Setting Knog apart is the founders’ commitment to good design and quality, passion for innovation, sense of fun and refusal to conform. They want to be a fresh alternative making product development a key driver.
Knog’s products are designed in its Melbourne studio by a dedicated group of product designers, electronic engineers, web developers and graphic designers.
The value of IP
Knog knows the value of protecting its intellectual property (IP) in Australia and overseas, and seeks to protect the creative effort in its products.
“Apart from beautiful design, inspiring products and cool marketing, IP immediately follows as our sustainable advantage with remaining a competitive brand,” Mr McKechnie says.
“Our patents protect the innovation and inventiveness that go into our products; our designs protect the unique appearance of our products; and our trade marks help to identify the real products from the ‘Knog offs’.
“Early on, we decided to protect our IP as best we could. With IP protection you’re anticipating the future. We have trade marks on our brand, our sub-brands and many of our product names.

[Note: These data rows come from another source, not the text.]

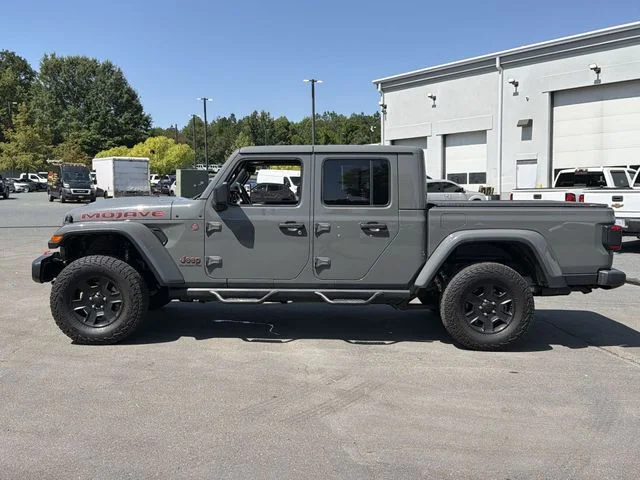 Used 2021 Gray Jeep Mojave image 10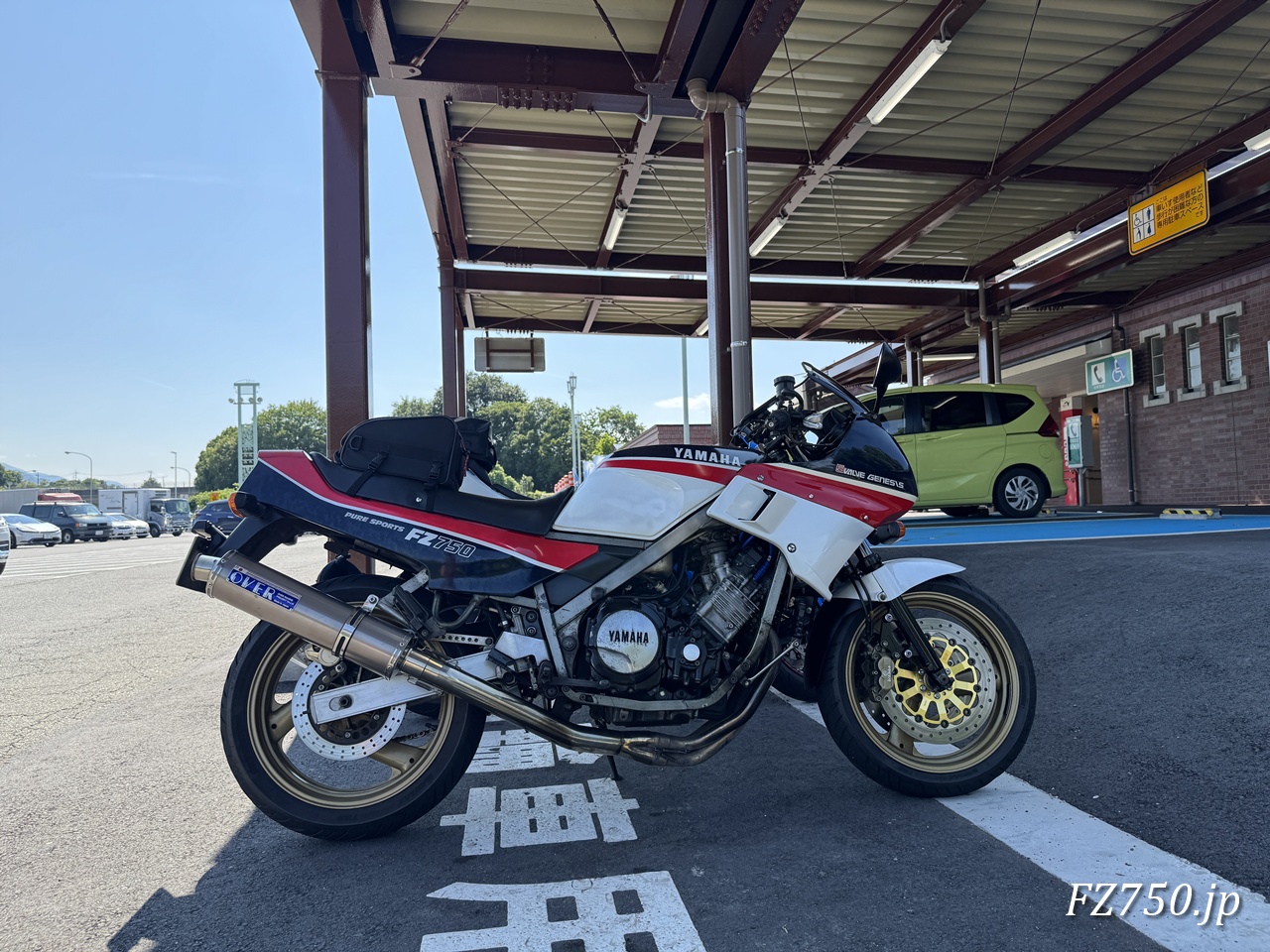 FZ750@上信越自動車道 甘楽PA (上り)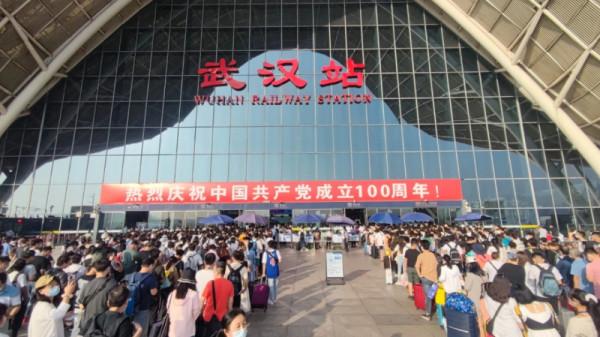 這個國慶誰最火？北京、上海、成都上榜！這個地方“最美人牆”也上線了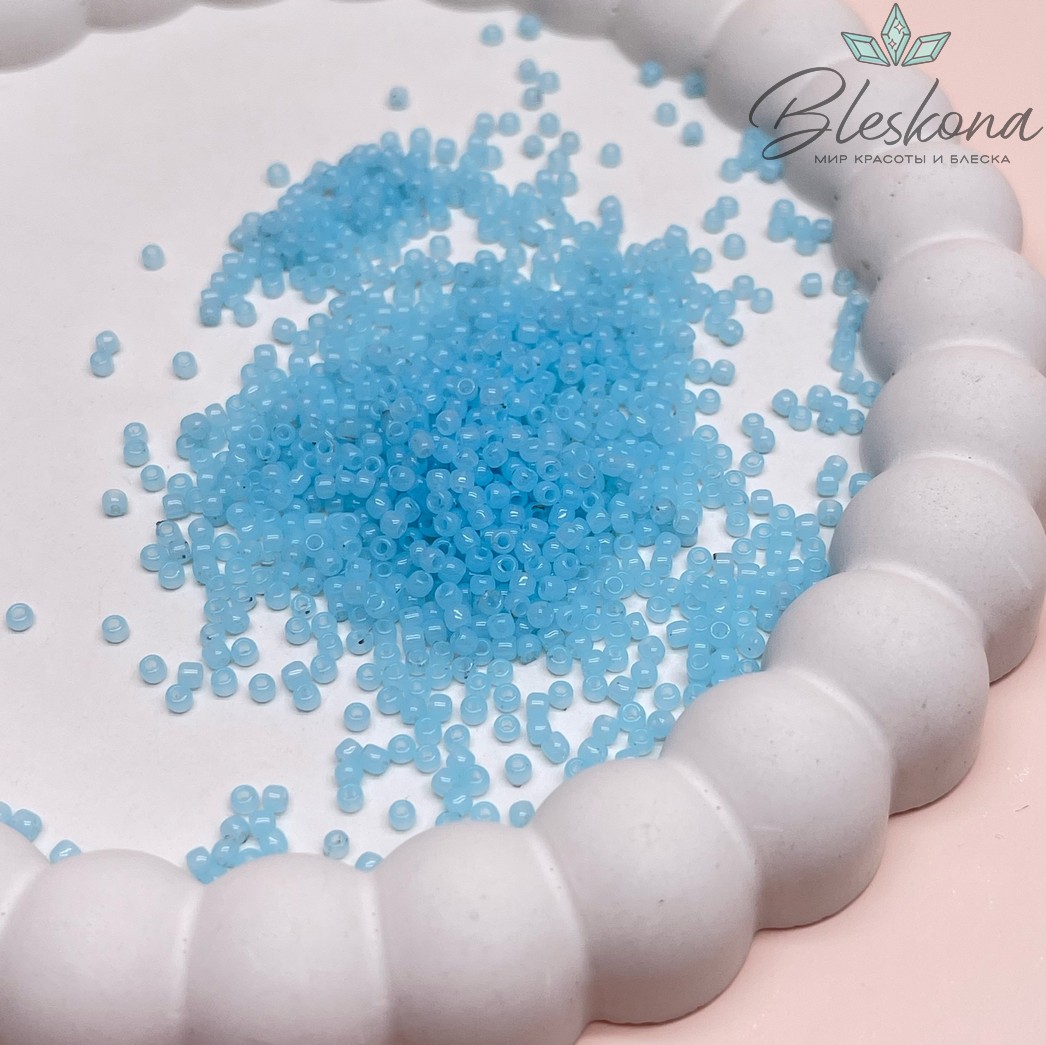 Бисер TOHO round 11/0 цвет №1143 (оттенок голубого)
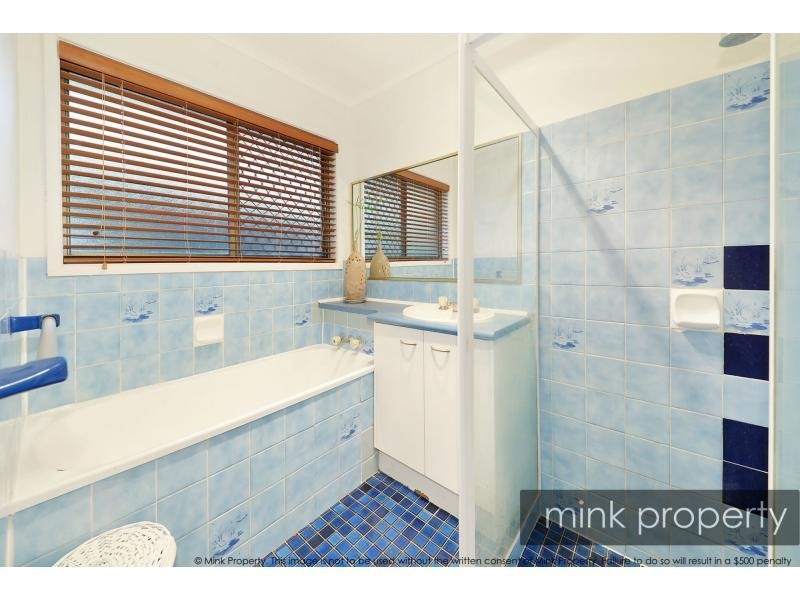 11 DOTTEREL Street, Parrearra QLD 4575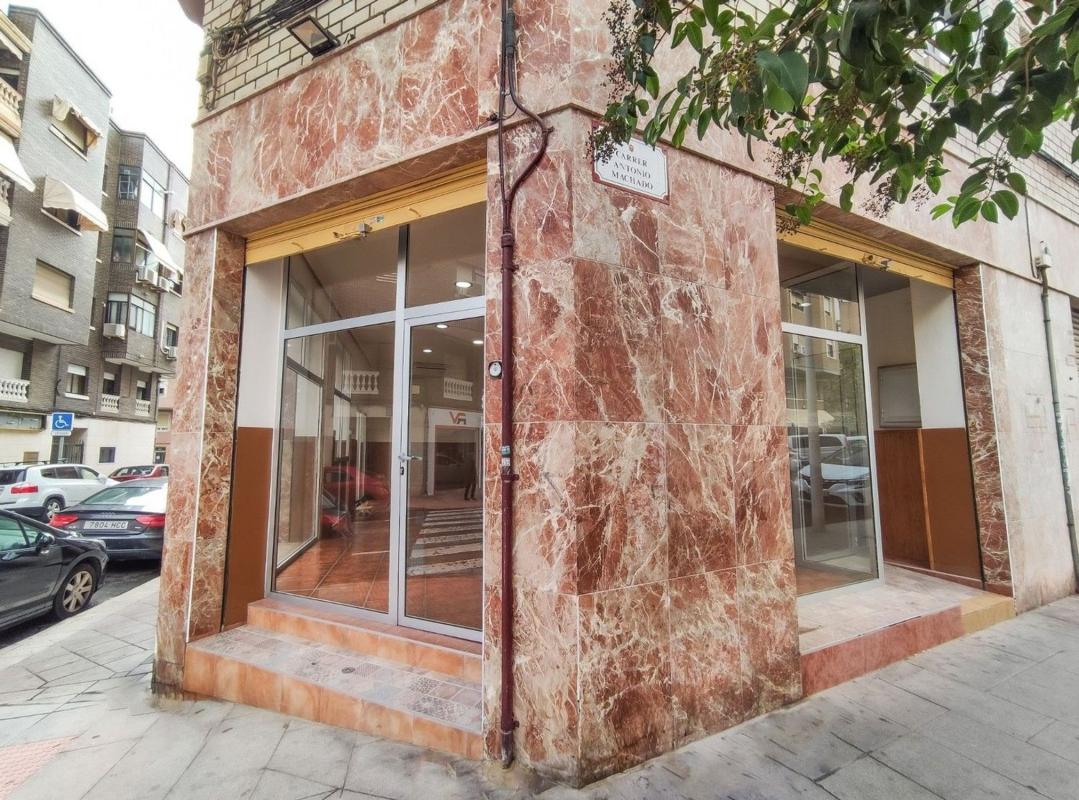 Properties for sale and rent in Spain photo 3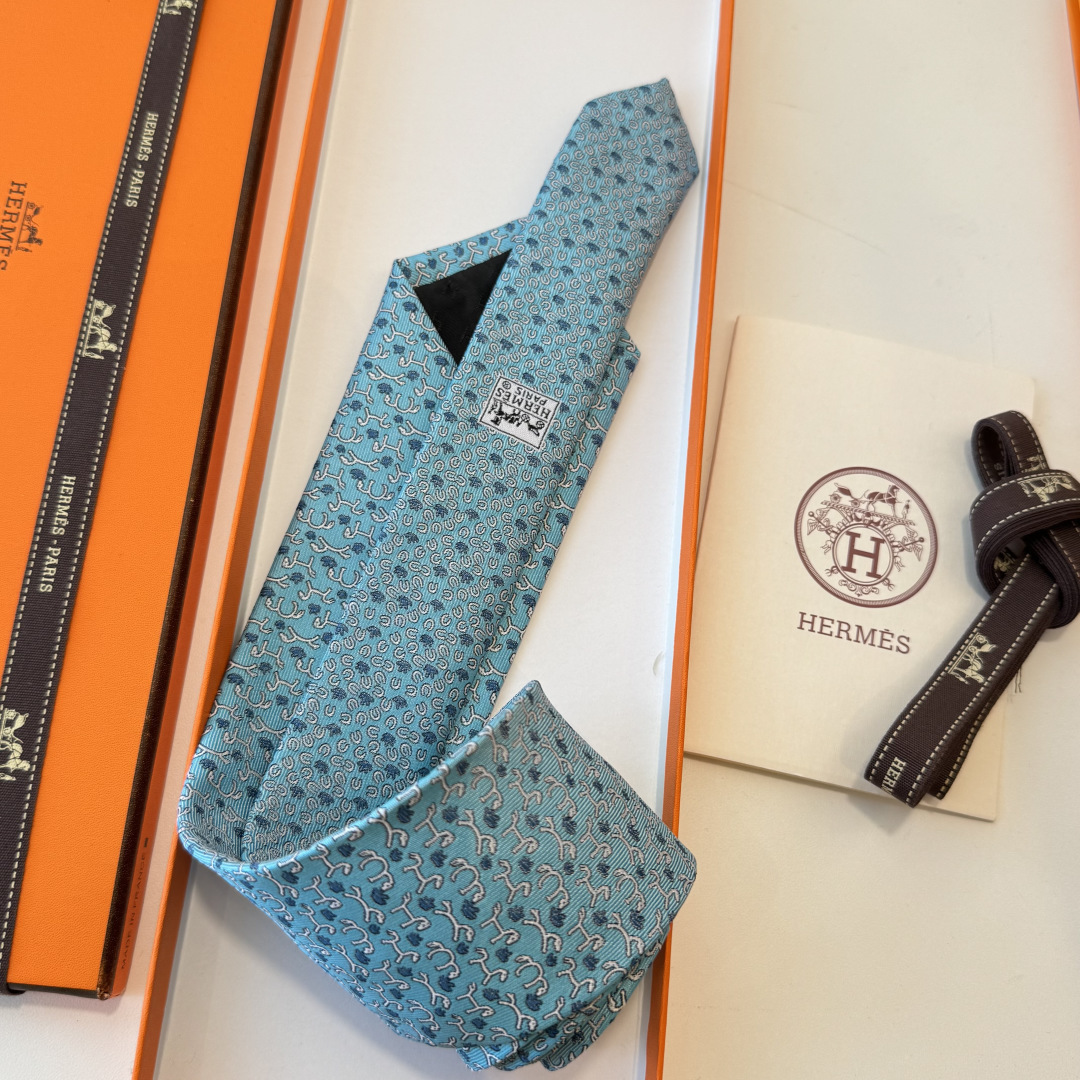 特 男士新款领带👔👔，稀有😻😻H家每年都有一千条不同印花的领带面世，从最初的多以几何图案表现骑术活动为主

“Registered IP protection is important and it demonstrates that we are serious about our brand, products, marketing and making a difference. Without IP protection we would not have gained the support and growth we have today. This approach is even more important with our venture into the outdoor space with headlamps and power systems.”
Stamping out copies
Knog knows more product fakes are emanating from China and has a strategy to identify these manufacturers to try to stamp out the cheap copies. This strategy has seen several resellers ceasing to import these imitations.
“We all know that most of the products we buy and use today emanate from China. So we see most copies being produced in China and shipped to other countries where we sell our products," Mr McKechnie says.
“While the manufacturers may proudly copy products and see themselves as being quite clever in identifying a good copy product contender, they also stop selling product as soon as a design or patent document is waved at them.”
Enforcement strategies are a big issue and Knog has acted against a Chinese factory that distributed counterfeit copies of their bike lights. Legal action can be expensive so it concentrates on key markets, having learned a lot since engaging attorneys.
Knog has found that protecting its IP is a powerful deterrent and good ammunition against copy cats. IP advice has been critical to Knog’s success.
“IP protection is a peculiar beast. You never know when you’re going to need to rely on it and it can be tough deciding which products and marks should be protected. We cannot protect everything, so we have to make a judgement on where we spend the IP budget,” Mr McKechnie says.
“Our trade marks help to identify the real products from the Knog-offs.
“Early on we attempted to submit a patent application. We didn’t know what we were doing and didn’t understand the process. It soon taught us the importance of seeking expert advice – and getting GOOD advice. For example, don’t seek advice from a patent attorney that doesn’t specialise or have experience in those areas appropriate to your application.”